Newspapers are so much more than a means of providing the news of the day.
Through the diligent, dedicated work of its reporters and photographers, newspapers also provide an oral and photographic record of history taking place for posterity. Future generations of journalists, researchers and authors could rely on finding historical perspective through a newspaper’s extensive archives, where written copy, old photos and past issues are available via countless files, bound copies or microfiches.
The Montreal Gazette is no exception.
Since 1778, The Gazette has not only been Montreal’s English-language paper of record of the news of Canada and the rest of the world, but its team of reporters, illustrators and photographers have been a permanent chronicler of the evolution of Montreal as a hub of commerce, an open city, a city of champions and an international city. And those vast quantities of news photos that made such photographers as Aussie Whiting, Tedd Church, Gordon Beck, Michel Dugas and Len Sidaway an integral part of the paper’s newsroom were stored in its vast archives.

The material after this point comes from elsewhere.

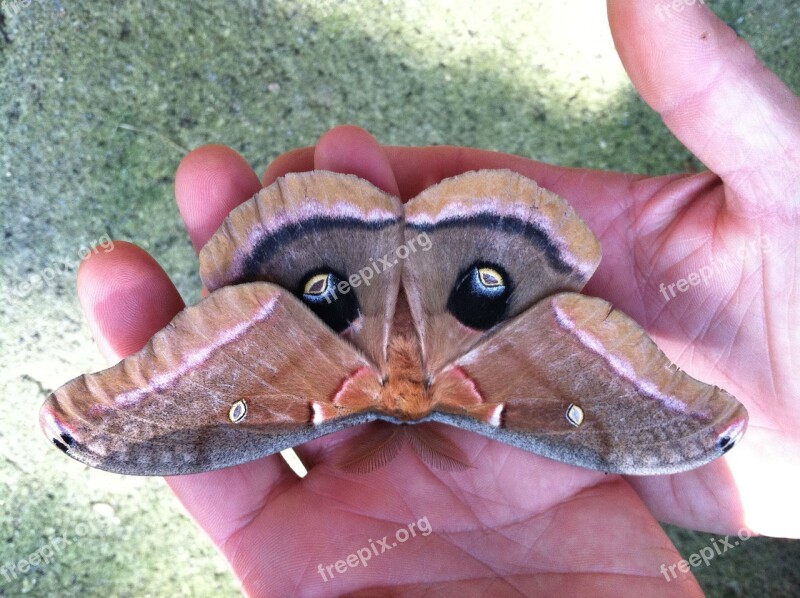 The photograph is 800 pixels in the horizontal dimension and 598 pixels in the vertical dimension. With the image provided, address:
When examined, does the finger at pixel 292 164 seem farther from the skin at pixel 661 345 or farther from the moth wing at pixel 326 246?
the moth wing at pixel 326 246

When the Gazette’s editorial offices were about to move to its current St. Catherine Street location in the summer of 2019, there was a daunting, uphill task that dealt with selecting which photos in the collection would make the move and which ones would be good for the garbage. And what made it even more difficult was the fact that these tangible photos were shot with the greatest care as if it were being painted on canvas. Its unique photographic aesthetics has richly told the story of Montreal’s history for over a century, and digitizing them would certainly not do them any justice.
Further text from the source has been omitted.